Gerald is the god of the machine. Yet he is not a machine. He is just a human being. He feels
that he had reached the final phase of his success by making his system perfect. He thinks
that there is no other place beyond where he arrived in and, thus, feels that he would break
down one day because life was becoming meaningless. He makes himself efficient and the
colliers respect him as they did not respect his father. But his strength is not real strength. The
world of work had left Gerald in a state of depression. He lets the machine eat up his strength
and vitality. He feels a vacuum within himself. He has been reduced by the machine to a
more intense and less human being. Strength and tenderness do not coexist in Gerald.

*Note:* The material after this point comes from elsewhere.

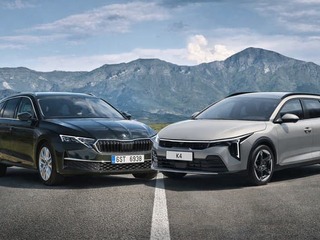 Boj veľkých kombi sa práve začal: nová K4 Sportswagon proti Octavii Combi Extra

Industry weakens sexuality in Gerald. He represents a category of modern men who suffer
sexual failure, but this kind of failure is only a part of more general massive failure. Gerald's
But now he had succeeded-he had finally succeeded. And once or twice
lately, when he was alone in the evening and had nothing to do, he had
suddenly stood up in terror, not knowing what he was. And he went to the
mirror and looked long and closely at his own face, at his own eyes,
seeking for something. He was afraid, in mortal dry fear, but he knew not
what of. He looked at his own face. There it was, shapely and healthy, and
the same as ever, yet somehow, it was not real, it was a mask. He dare not
touch it, for fear it should prove to be only a composition mask. His eyes
were blue and keen as ever, and as firm in their look. Yet he was not sure
that they were not blue false bubbles that would burst in a moment and
leave clear annihilation. He could see the darkness in them. He was afraid
that one day he would break down and be a purely meaningless bubble
lapping round a darkness (p. 240).
Conclusion:
The theme of the dehumanizing impact of industrialization is discussed in some detail in this
article. The novel represents the twentieth-century England modern civilization. Women in
Love is full, perhaps too full, of talk about ideas particularly the idea of the fundamental
nature of modern Western civilization, which emerges as central determining assumption
from which most of the developments of the action stem. Lawrence detects certain
destructive tendencies in his society. He isolates and magnifies these tendencies, predicts
their outcome, then emerges an essentially apocalyptic vision with the particular segment of
historical time he has in hand. For Lawrence, as for great many other European artists of the
period, industry came as the greatest shock of his entire life. He loathed the negative impact
of industry, utterly disbelieved in the necessity of it. The vision of society-as-death reflects
the cycle of destruction through which Europe was passing between 1914 and 1918.